The mathematics that the extraction both at home and abroad to the microcosmic traffic data of electric bicycle is predominantly obscured at present is calculated, this to adjust The subjective initiative sexual intercourse for looking into mode and people is very big, and observation of the investigator to data has unstability, and that extrapolates is microcosmic Often precision is relatively low for traffic data.

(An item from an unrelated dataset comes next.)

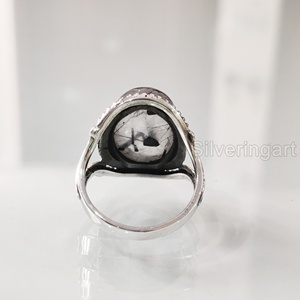 Anillo de Plata de Ley 925 para Mujer con Gema de Rutilo Negro Natural, Piedra de Nacimiento de Abril, Estilo Bohemio, Joyería Hecha a Mano para Navidad - Product Image 5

The content of the invention
Goal of the invention:For problems of the prior art, the invention provides a kind of intersection based on video Mouth electric bicycle travel speed acquisition methods, this method can accurately obtain the traveling of electric bicycle inside intersection Speed.

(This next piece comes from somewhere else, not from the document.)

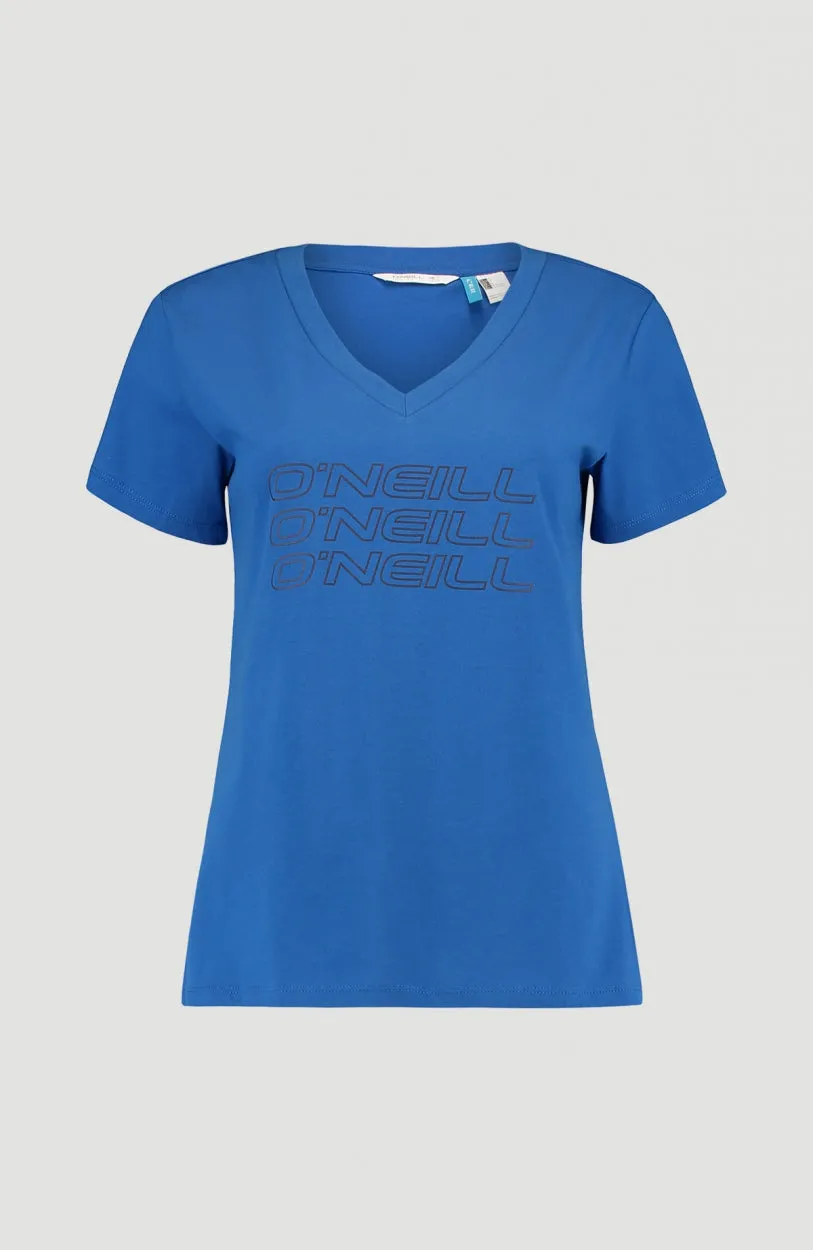 Triple Stack V-Neck T-Shirt | Ocean Blue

Technical scheme:The present invention is adopted the following technical scheme that:A kind of intersection electrical salf-walking garage based on video Velocity acquiring method is sailed, is comprised the following steps:
(1) the vehicle traveling video of collection intersection, sets the detection zone in video to be enclosed for a plurality of pavement Region;
(2) video of collection is handled, the electric bicycle of intersection in recognition and tracking video, obtains traveling Trajectory coordinates point;
(3) center-of-mass coordinate of electric bicycle on the video images is converted into actual two-dimensional plane coordinate, calculates its row Sail speed.

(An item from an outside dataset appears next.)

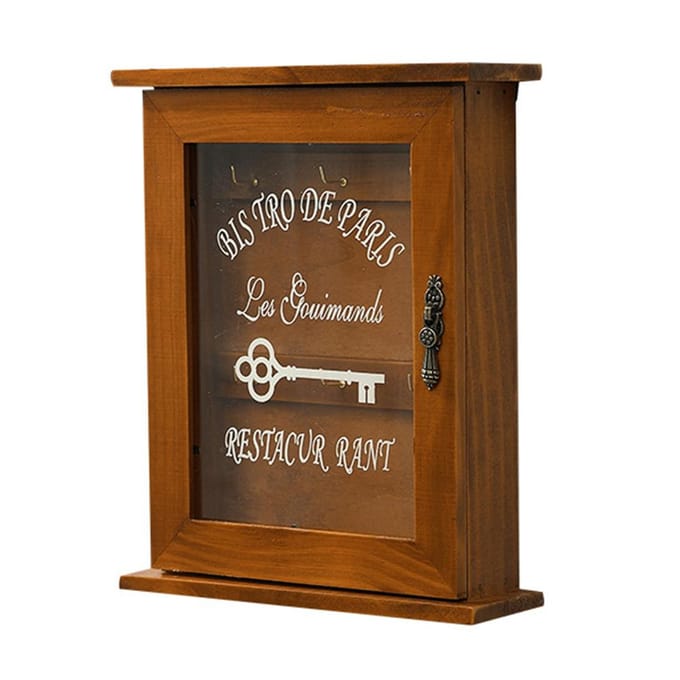 Sleutelorganizer Houten Sleutelkast Wandbox Mooie Duurzame Retro Acryl Deur Sleutelopbergdoos zwart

Step (2) comprises the following steps:
(2-1) sets up the background image model f (x, y) of gathered intersection video;Mixed Gaussian can be used Background modeling method sets up background image model f (x, y);
The background image model that t frames original image in video and step (2-1) are set up is made poor by (2-2), obtains t frames Foreground moving object A (xt,yt);Foreground moving object calculation formula is:
A(xt,yt)=f (xt,yt)-f(x,y)
Wherein, f (xt,yt) it is t frame original images, f (x, y) is background image;
Multiple image in (2-3) selecting video, to the foreground moving object in each two field picture for before electric bicycle Scape agglomerate, calculates its agglomerate area, the length of agglomerate boundary rectangle, the width of agglomerate boundary rectangle;
(2-4) sets up electric bicycle parameter model, and the parameter of the model is electric bicycle agglomerate area S, agglomerate The length L of boundary rectangle, the width W of agglomerate boundary rectangle;The parameter obtained in (2-3) is counted, distribution probability is chosen For η parameter codomain as electric bicycle parameter model span;
(2-5) obtains foreground moving object A for the i-th two field picture in video and jth two field pictureiAnd Aj, calculate corresponding Prospect agglomerate area, the length of agglomerate boundary rectangle, the width of agglomerate boundary rectangle, join according in electric bicycle parameter model Number span, judges AiAnd AjWhether it is electric bicycle;
(2-6) is if AiAnd AjIt is electric bicycle, calculates AiAnd AjBarycenter piAnd pj, centroid distance dijIf, it is full Sufficient condition:Then AiAnd AjFor same electric bicycle, piAnd pjAs described electric bicycle is in the i-th frame figure Driving trace coordinate points in picture and jth two field picture.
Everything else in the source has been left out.